Exercise: Begin at the line with "10603 CAYMAN ISLE CT — photo 52" and output every line through the end of the records, exactly as given. Omit pictures.

Image-caption web data
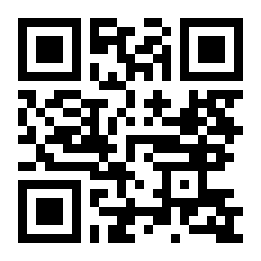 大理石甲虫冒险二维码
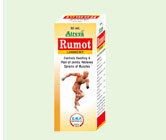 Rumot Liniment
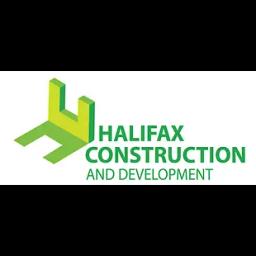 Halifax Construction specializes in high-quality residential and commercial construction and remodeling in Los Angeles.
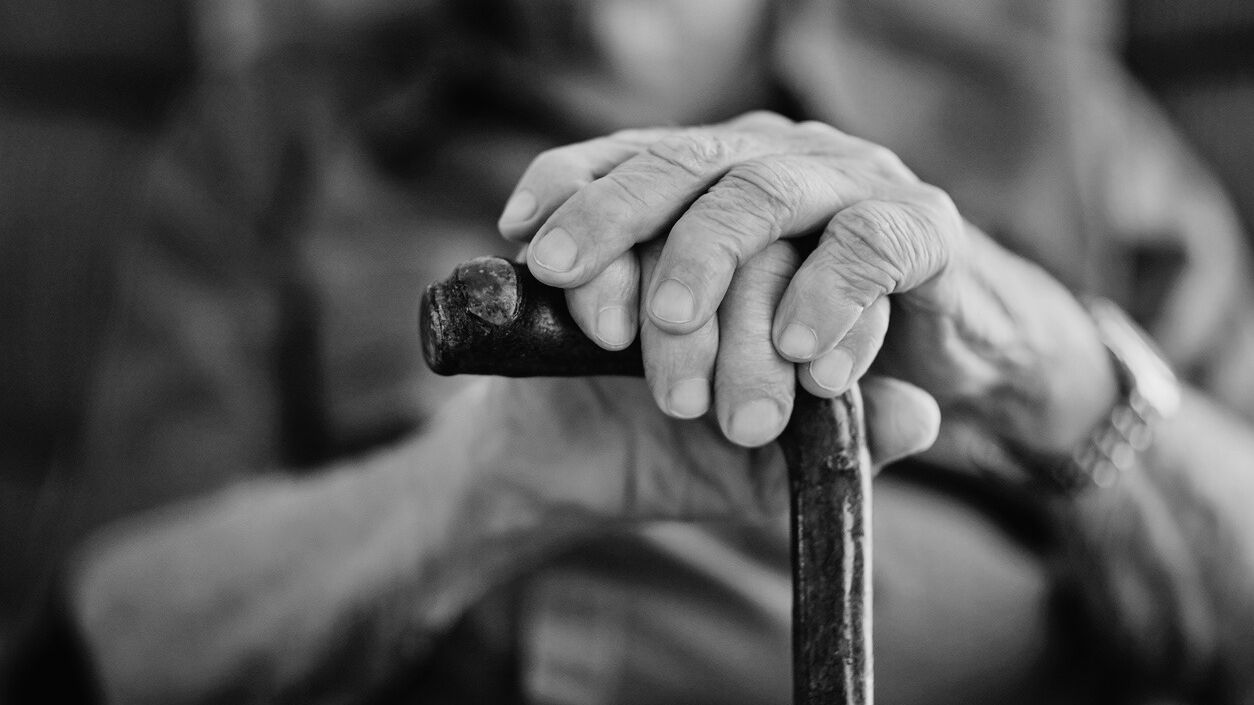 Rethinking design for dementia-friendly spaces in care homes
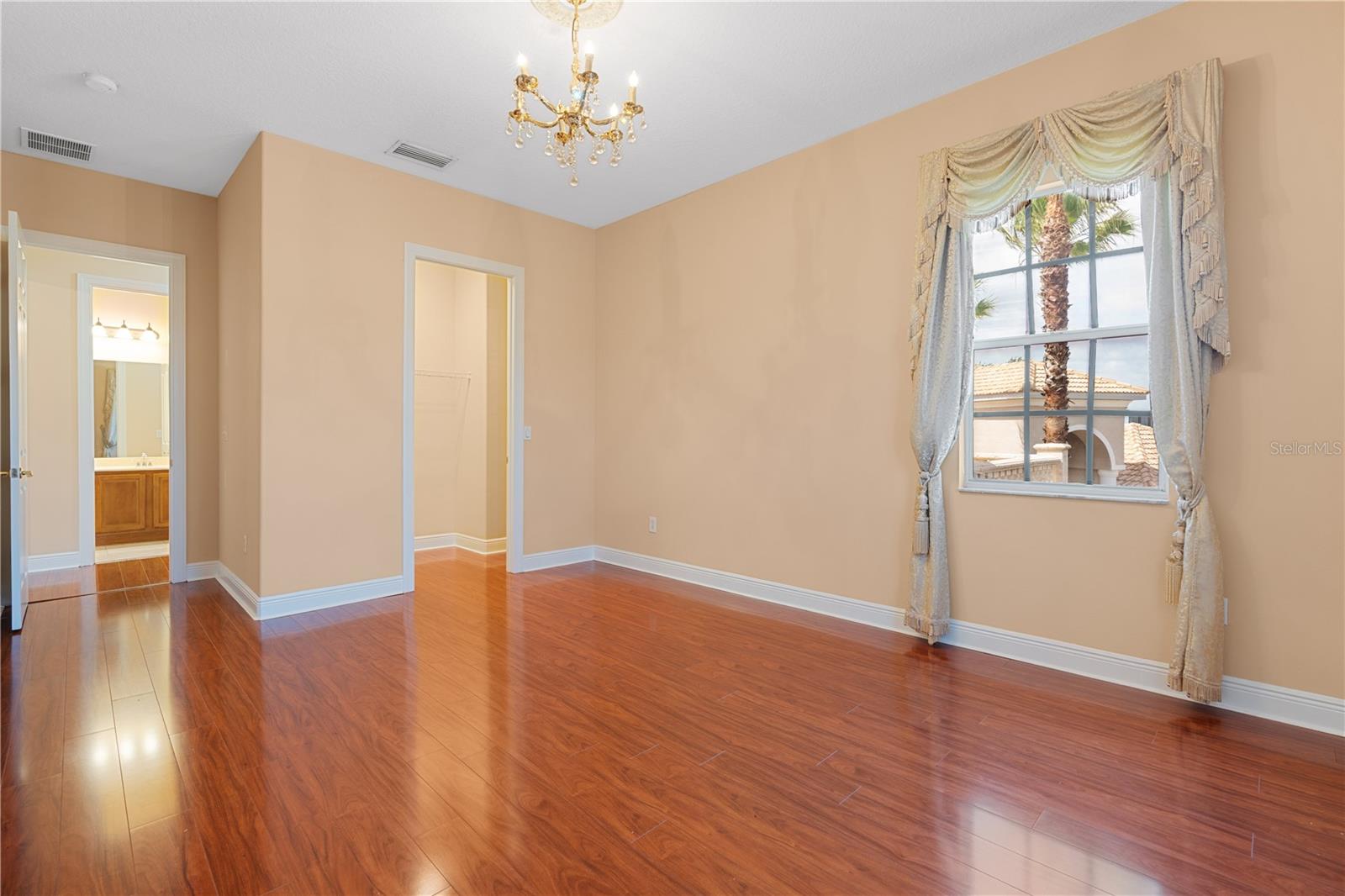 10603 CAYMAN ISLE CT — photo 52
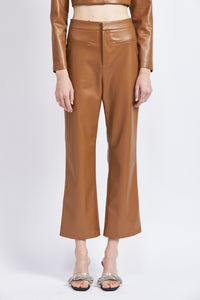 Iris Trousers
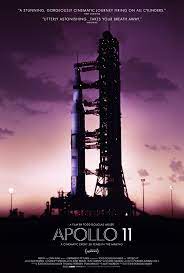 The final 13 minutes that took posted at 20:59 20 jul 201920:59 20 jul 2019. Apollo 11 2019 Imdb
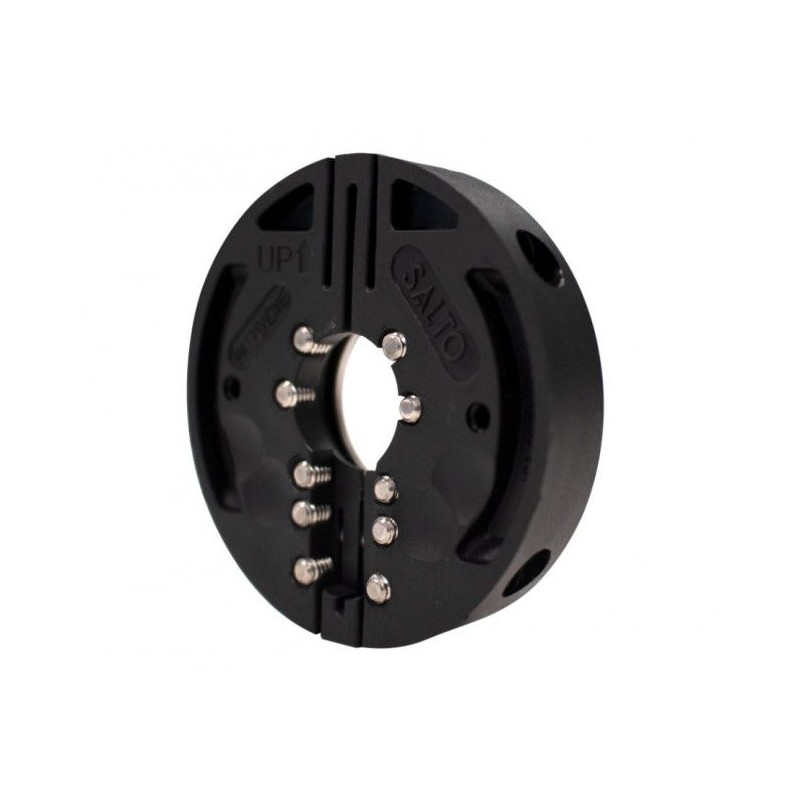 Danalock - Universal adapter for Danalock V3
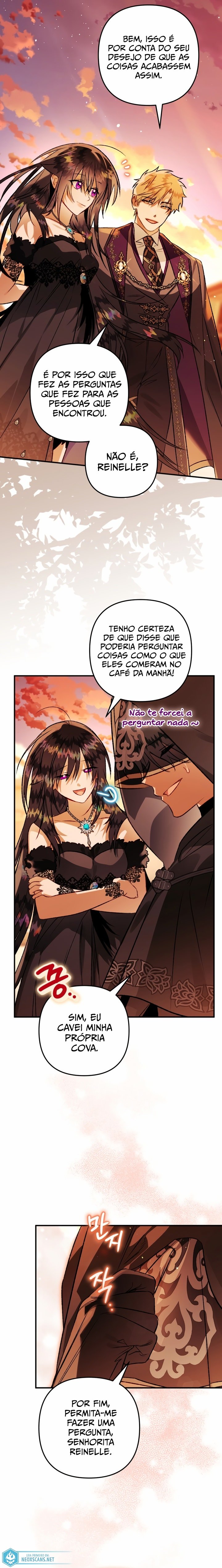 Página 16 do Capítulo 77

Task response:
 10603 CAYMAN ISLE CT — photo 52
 Iris Trousers
 The final 13 minutes that took posted at 20:59 20 jul 201920:59 20 jul 2019. Apollo 11 2019 Imdb
 Danalock - Universal adapter for Danalock V3
 Página 16 do Capítulo 77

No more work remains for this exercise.